I think that the risk to us boaters is low. There are more important terrorist risks which we will face in the next few years. On the other hand, the relitative cost of keeping Loran C and upgrading the Loran E is really very small.
 
thataway":2v8olkkj said:
My understanding is that E-Loran is up and running in the UK. Many other world wide countries are continuing to use Loran C. The Military GPS has further components (frequencies, encryprtion and hardward), which make it both more accurate and less succeptable to jamming. For the most part jamming is a fairly localized phenomen. You can buy a "car Jammer" for a vey low price, but its range is only a few meters. Even the Russian or home built jammers are good for about 25 miles. Plus they are ground based. You can have directional GPS recieving antennas, to exclude the ground source jamming.

Yes, Loran could be jammed, but it takes a very powerful transmitter, and this can be found rather quickly with RDF technology--it is not the back pocket type of jammer you might consider for local GPS jamming.

I think that the risk to us boaters is low. There are more important terrorist risks which we will face in the next few years. On the other hand, the relitative cost of keeping Loran C and upgrading the Loran E is really very small.

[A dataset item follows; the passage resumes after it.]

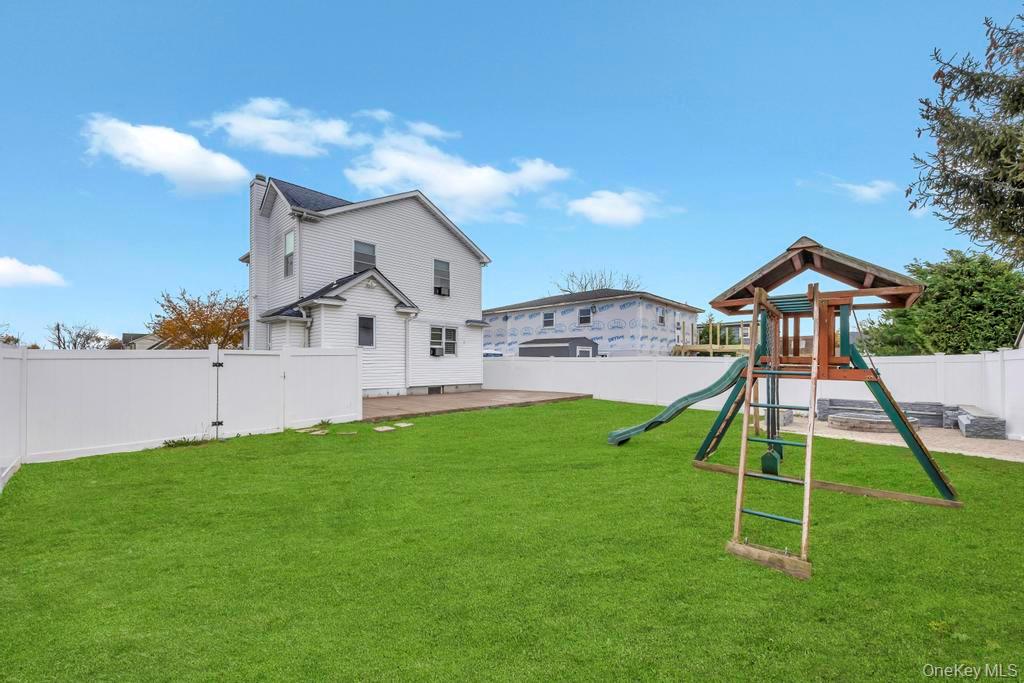 297 Catskill Avenue, Lindenhurst, NY 11757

Also, there's a very established network for detecting and triangulating on GPS jamming devices. See this link for some info on that.
 
Matt...i think i have that Si-Tex Loran/GPS combo unit on my boat that you were talking about. See picture # 30 ( Helm ) in my album. I also have that Si-Tex suitcase sized radar monitor that i will have to replace if i ever can save enough money. Tug
 
I am sad to see Loran go for another reason. I spent most of my career as a television station chief engineer where the adage "time is money" is an absolute. In most situations; when there is trouble, you 'band aid' it and then fix it properly after hours. Quite by chance I discovered that Coast Guard offshore Loran techs, by virtue of their isolation, already had the skills and the mindset perfectly suited to commercial Broadcasting. I would rather take one of them and train them in the specifics of Broadcast electronics, then a handful of EEs and specialized tech school grads.
What say you Art (Sea Angel)? Did you ever have the experience of CG ATs?
:smile
 
I am sure there are some of you EE's and Ham's that can answer my question so here goes.

Is there any other use that can be made of the Loran antennas other then a flag holder. Are they capable of other electronic use?
 
My dad used to have a loran receiver in his Cessna 182. It really helped me out flying around in northern Alaska a few times. Oddly my dad never put loran (or radar) in his commercial fishing boat, and I sure missed it dead reckoning in fog several times.

My first tour in the foreign service was in Monrovia, Liberia about 18 years ago. There was an active shooting war going on in the country, with ECOMOG (economic community of west Africa monitoring group) controlling Monrovia, and Charles Taylor’s forces controlling the rest of the country. There was a Loran station on the outskirts of Monrovia (which was maintained by the USCG - but they didn't have anyone continuously posted there.) I'm not sure if it was fully automated, or had local techs looking after it, but the embassy did maintain a local guard there full time. One night Charles Taylor’s forces staged an attack on Monrovia, overran the Loran station, and torched off the stations fuel tanks. I was sitting on top of my apartment building watching the tracer and rocket fire, the Loran station burning, and listening to the terrified intercon guard on the radio asking for back-up. Quite a memorable experience. The coast guard came through later and re-built it, I think.

As great as I used to think Loran was navigating my dads plane around Kotzebue 30 years ago, I sure wouldn't trade in my raymarine all in one unit for it now.